Fig. 3.User data rate in the network of 3 CUs.

The Fig. 4 depicts the number of merge-and-split operation of the proposed scheme and CORA. The simulations are conducted for 3 cases of the number of CUs, namely |C|=5, |C|=7 and |C|=8. We can see that when the number of CUs is high, more merge-and-split operations are required. Moreover, for both schemes, that number grows with the increase of the network size. However, CORA requires a significantly high number of operation and this number increases sharply with the network size. Since we propose to use merging probability, it is not necessary that the algorithm has to enumerate a large number of partitions. Therefore, the proposed algorithm requires a low number of merge-and-split operations. In this way, we can reduce the computation requirement for the central BS. Researchers generally try to design distributed algorithm for networking.
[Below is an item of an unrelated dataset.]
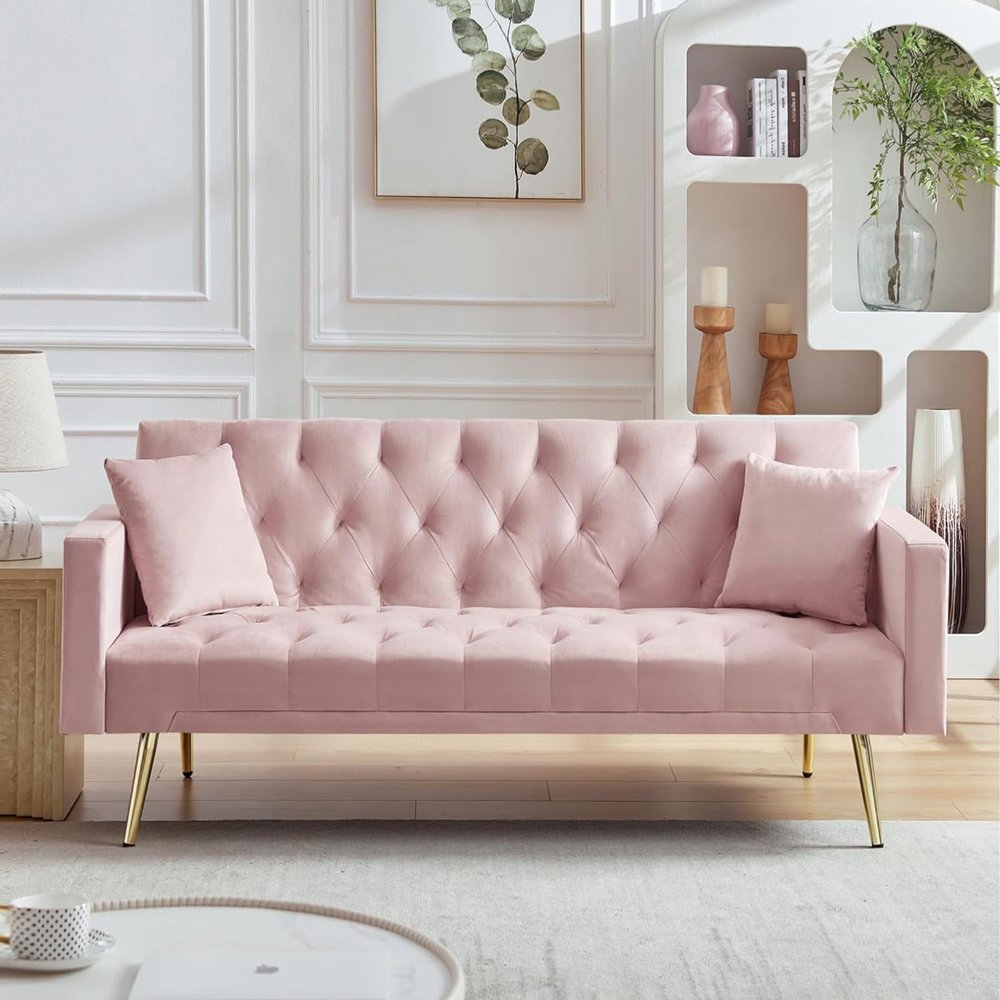 Anwickhomk 72" Velvet Futon Sofa Bed,Convertible Folding Sleeper Couch Bed,Modern Tufted Recliner Loveseat with Golden Chrome Legs for Small Living Spaces,Bedroom Dorms Office (Light Pink)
However, by using the merging probability, the resource allocation can be computed by the BS in a centralized manner, allowing to reduce the network signalling.

Fig. 4.Number of merge/split operation.

In Fig. 5 and Fig. 6, we compare the average user data rate of the proposed algorithm with HIMA. Fig. 5 illustrates the simulation of small network with 3 CUs and the number of D2D pairs ranges from 0 to 13. Fig. 6 illustrates the larger network with 8 CUs and the number of D2D pairs ranges from 0 to 38. Similar to Fig. 3, the performance of CUs degrades with the increase of the number of DUs. Moreover, the two figures show that the proposed algorithm achieves higher performance than HIMA on both CUs' and DUs' rate. In Fig. 6, with the larger network, the performance of HIMA reduces significantly compared with ours. HIMA introduces a distributed algorithm with selfish DUs while the proposed algorithm is based on cooperative strategy in which the DUs consider the coalition payoff when making their decision. Moreover, in our approach, channel allocation and power control are jointly considered in a same coalitional game. In this way, we are able to achieve jointly improvable performance.

Fig. 5.Average data rate in the network of 3 CUs.

Fig. 6.Average data rate in the network of 8 CUs.

Fig. 6 also depicts the user data rate with respect to different values of This means the proposed approach allows to adjust the cellular performance using that threshold. When this threshold is low, the DUs are not allowed to transmit with high power, the cellular links are protected and they achieve high performance. In contrast, when this threshold is high, the DUs are allowed to achieve high data rate at the cost of the CUs' performance.

The sum rate of the proposed algorithm is compared with other approaches in a network of 3 CUs (Fig. 7) and a network of 8 CUs (Fig. 8). Since the exhaustive search is highly complex, it is simulated only for the small network in Fig. 7. On both figures, the proposed algorithm obtains significant improvement compared to other approaches. Especially, in Fig. 7, it asymptotically reaches the performance of exhaustive search. The proposed algorithm achieves higher performance than HIMA and REPA since these two algorithms uses noncooperative approach where DUs act as selfish players. In non-cooperative game, the players maximize there own payoff; this may degrade the total system performance because of interference between DUs and CUs as well as among DUs. We note that in these simulations, the power threshold is selected so as to improve the system sum rate. In CORA, power control is not considered; this means that the transmit power of UEs can not be controlled to maximize the sum rate. Moreover, the transmit power can not be jointly optimized with the channel allocation.

Fig. 7.Sum rate in the network of 3 CUs.

Fig. 8.Sum rate in the network of 8 CUs.

 

6. CONCLUSION

In this paper, we formulate a coalition formation game for joint channel allocation and power control in D2D underlaying cellular network. We propose a merge-and-split algorithm with coalition probability distribution which is able to avoid exponential growth of coalition partition. Moreover, the analytical and numerical results show that our algorithm converges to a stable point which yields high network-wide performance. The numerical analysis also shows that our formulated game achieves higher average rate and sum rate than a Stackelberg game based approach.